Cilia in eukaryotic cells are short hair like structures that are used to move entire cells or substances along outer surfaces of the cell and Flagella are long and wavy structures that extend from the plasma membrane and are used to move an entire cell.

Eukaryotic cells have both cilia and flagella which are motile organelles that are built on a scaffold of doublet microtubules and are powered by dynein ATPase motors.

The function of the flagellum in a eukaryotic cell is to serve motility, transport and sensory functions.

The function of the flagellum is to enable movement and chemotaxis.

Bacteria can also have one flagellum or even several and they can also be either polar meaning one or several flagella at one spot or peritrichous meaning several flagella all over the bacterium.

Flagellums are a hairlike appendage which protrudes from certain plant and animal sperm cells, from fungal spores, and from a wide range of microorganisms to provide motility.
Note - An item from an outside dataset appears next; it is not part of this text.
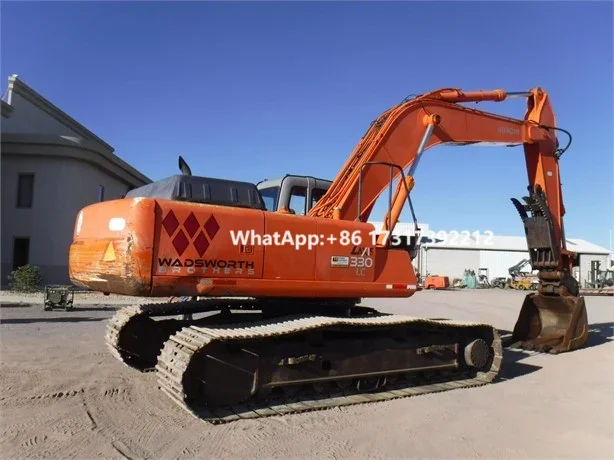 Japanese ZX 300 LC with High Quality 33.4 Ton Hitachi Used Crawler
Many protists with flagella are known as flagellates.

A microorganism may have from one to many flagella.

Flagella are the organelles for bacterial locomotion.

These supramolecular structures extend from the cytoplasm to the cell exterior and are composed of three major structural elements, the basal body, the hook and the filament.

The cell type in animals that has a flagellum is the sperm cell, which is the male sex cell.

A flagellum is a hair-like appendage that extends from a cell and is used to move that cell through its environment.

Flagellum is a lash-like appendage that protrudes from the cell body of certain bacteria.

Some DNA bacterial viruses use flagella to attach to the host cell.

This contact with the flagellum facilitates concentration of phage particles around the receptor on the bacterial cell surface.

Flagella propel the cell by spinning around their axis in a corkscrew motion.

They move in response to a chemical concentration gradient, indicating a sensory feedback regulation system.

This is the basis for bacterial chemotaxis.

The only flagellated cell in humans is the sperm cell that must propel itself towards female egg cells.

In humans and other mammals, several widespread diseases are caused by flagellates.

Perhaps the most widespread is giardiasis caused by the intestinal parasite Giardia lamblia, with symptoms such as diarrhea (water and nutrient loss) and painful abdominal cramps.

A polar bundle of flagella can drive bacterial swimming by pushing, pulling, or coiling around the cell body.

Sperms have flagellum for their locomotion.